Du rififi chez les hommes : ce casse ingénieux duquel le film s’inspire

Un célèbre braquage du XXe siècle

Du rififi chez les hommes : ce casse ingénieux duquel le film s’inspire

Référence du film noir signée Jules Dassin, "Du rififi chez les hommes" est une immersion dans le petit monde du crime organisé parisien des années 50. L’acte majeur du long-métrage est le casse orchestré par quatre malfrats, inspiré d’un célèbre fait divers du début du XXe siècle.

Du rififi chez les hommes : braquage à l’ancienne

Victime du maccarthysme après avoir tourné Les Forbans de la nuit, l’un de ses autres chefs-d’œuvre, Jules Dassin est blacklisté à Hollywood et fauché lorsqu’il accepte de mettre en scène Du rififi chez les hommes. Cette adaptation éponyme de l’ouvrage d’Auguste Le Breton sort en 1955. Le réalisateur américain décide de se concentrer sur une partie minime du roman : le casse d’une bijouterie parisienne.

Après cinq ans d’incarcération et une tuberculose, Tony le Stéphanois (Jean Servais) ressort affaibli de prison. Sur la paille, le criminel se voit proposer un coup par son ami Jo le Suédois (Carl Möhner) et leur partenaire Mario (Robert Manuel) : le braquage de Mappin & Webb. Pour réussir à percer le coffre rempli de diamants de la prestigieuse enseigne, les trois gangsters font appel à César le Milanais (Jules Dassin), un spécialiste venu d’Italie. Leur plan attire néanmoins les convoitises du milieu. Une bande rivale à laquelle est rattachée Mado (Marie Sabouret), l’ex-compagne de Tony, se met à les traquer.

Du rififi chez les hommes
Du rififi chez les hommes © Gaumont

Présentant des archétypes du genre et dressant un suspense à l'issue tragique inéluctable, Du rififi chez les hommes est un modèle du film noir. Le long-métrage est bercé par un argot formidablement manié par ses interprètes. Néanmoins, la séquence majeure parvient à se passer de tout dialogue. Sommet de tension et de précision duquel Michael Mann s’inspirera pour Le Solitaire, le braquage demeure l’un des plus impressionnants du septième art. Pendant plus de trente minutes, le quatuor de malfrats et le spectateur retiennent leur souffle, plongés dans l’obscurité d’un établissement de la rue de la Paix autour duquel rôdent les policiers.

Un célèbre fait divers parisien

Pour ce long moment dénué de musique, où le moindre son et le moindre éclairage mal orienté deviennent un danger, Jules Dassin s’inspire d’un fait divers survenu à Paris au début du XXe siècle.

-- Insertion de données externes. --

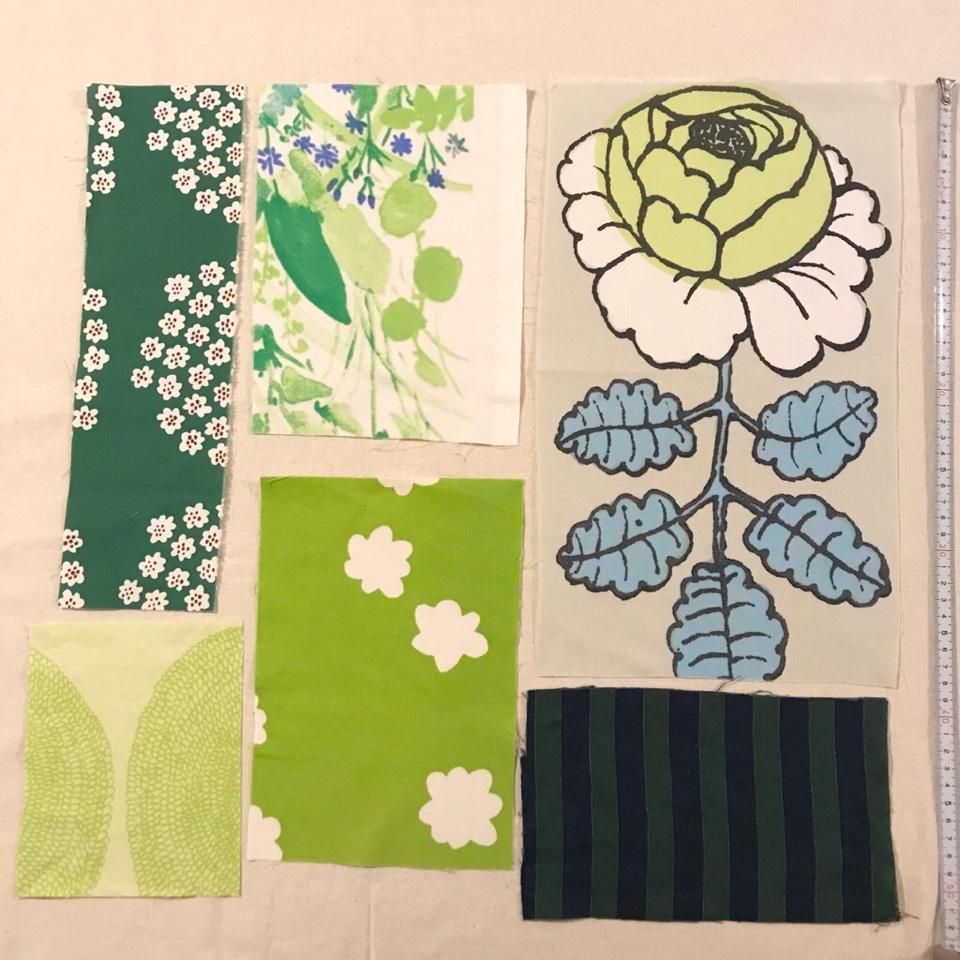 marimekko fabric set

Et plus précisément dans la rue Quincampoix située dans le IIIe arrondissement.

Publié en 2004 aux éditions du Cherche Midi et cité par Le Parisien, le Guide du Paris des faits divers du Moyen-Âge à nos jours revient sur le casse orchestré par Marius Jacob et ses deux partenaires le 5 octobre 1901. Surnommés les "Travailleurs de la nuit", les voleurs cambriolent le bijoutier Bourdin. Pour cela, ils pénètrent dans l’appartement au-dessus de la boutique, et creusent un trou dans le parquet. Ils glissent un parapluie dans le trou et l’ouvrent. L’objet peut ainsi recueillir les gravats les plus imposants. Une percée qui leur permet d’accéder au magasin et de rafler les sept kilos d’or du coffre. Ils repartent aussi avec des bijoux, des titres négociables et 8000 francs en espèces.

Du rififi chez les hommes
Du rififi chez les hommes © Gaumont

Un anarchiste dans la Résistance

Marius Jacob aurait effectué une centaine de larcins en l’espace de cinq ans. Des crimes qui s’avèrent payants, du moins pendant un temps, puisqu'il aurait empoché cinq millions de francs. Condamné à la perpétuité, le voleur subit l'enfermement sur la redoutable île du Diable jusqu’en 1925. Ce pénitencier de Guyane a accueilli d’autres détenus célèbres. Henri Charrière a notamment raconté son évasion de cette prison dans son autobiographie Papillon, transposée à l’écran par Franklin J. Schaffner.

L’auteur anarchiste du "coup du parapluie" s’engage ensuite dans les Brigades internationales, puis dans la Résistance. Marius Jacob se suicide en 1953 à 64 ans, refusant la vieillesse et la déchéance qui l’accompagne. Deux ans plus tard sort Du rififi chez les hommes. Son coup le plus flamboyant permet - en plus de l’incroyable équilibre du film - à Jules Dassin de remporter un prix pour sa réalisation au Festival de Cannes.